Studio album by Roswell Rudd
- Released: 1979
- Recorded: March 27–28, 1976
- Studio: Blue Rock Studios, New York City
- Genre: Jazz
- Label: Philips RJ-7490 Emanem Records 4131

Roswell Rudd chronology
| Sharing (1978) | Blown Bone (1979) | The Definitive Roswell Rudd (1979) |

2006 CD reissue cover

= Blown Bone =

Blown Bone is an album by trombonist Roswell Rudd. It was recorded in March 1976 at Blue Rock Studios in New York City, and was released on LP by Philips Japan in 1979. On the album, Rudd is joined by clarinetist Kenny Davern, saxophonists Steve Lacy and Tyrone Washington, trumpeter Enrico Rava, vocalist Sheila Jordan, pianist Patti Bown, guitarist and vocalist Louisiana Red, bassist Wilbur Little, and drummers Jordan Steckel and Paul Motian. The album was reissued on CD by Emanem Records in 2006 with a different track sequence, and with an additional track recorded in 1967 featuring another ensemble.

According to Rudd, "Blown Bone," "Cement Blues," "Street Walking," and "Bethesda Fountain" formed a suite titled "Blown Bone," dating back to the late 1960s, and about "New York City and the beauty, the energy, and the struggle." "It's Happening" was part of a suite from the mid-1970s that was dedicated to Albert Ayler, while "Blues For the Planet Earth" and "You Blew It" were a reaction to "garbage scows polluting New York Harbor."

In the CD reissue liner notes, Rudd reflected: "the players on this album just happened to be available on these two days... The chances of getting all these people together at one time would be one in a million and this was that time... the players and the music converged in a way that made it noumenal."

== Reception ==

In a review for All About Jazz, John Eyles called the album "a little lost gem," and wrote: "Central to the album's success are the quality of the band and the quality of Rudd's writing and arranging. The band brims over with talent... Every member of the band is on top form; no one disappoints... Impressively, this album manages to integrate seemingly diverse elements into a coherent and highly listenable totality." In a separate AAJ review of the 2006 reissue, Clifford Allen commented: "Blown Bone cements the breadth and diversity of Rudd's art... It's a shame, though, that such a telling document as this was virtually buried until almost thirty years after its initial release."

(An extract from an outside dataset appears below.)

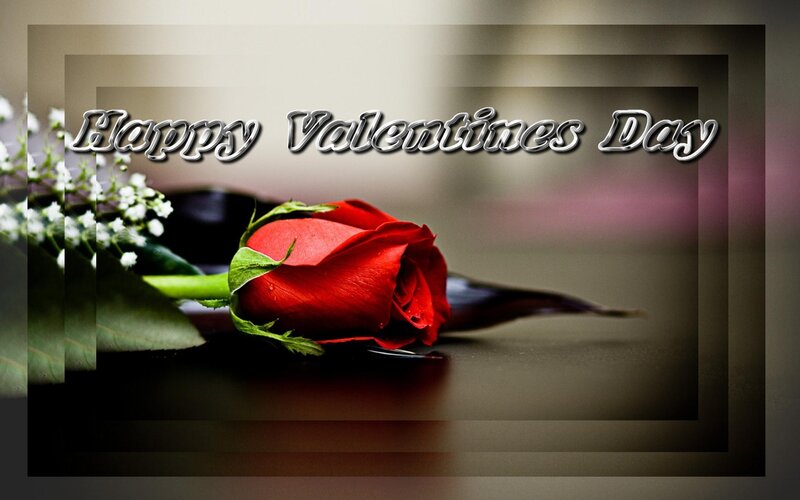 Red Rose with Baby's Breath — Romantic, Photograph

The authors of the Penguin Guide to Jazz Recordings awarded the album 4 stars, and singled out "It's Happening" for praise, stating that it is "almost worth the whole set," and expressing admiration for "a completely outrageous Lacy solo which seems to use the entire range of the horn."

Dan Warburton, writing for Paris Transatlantic, called the group a "stellar 1976 pick-up band," and stated: "Not a great album but a darn good one."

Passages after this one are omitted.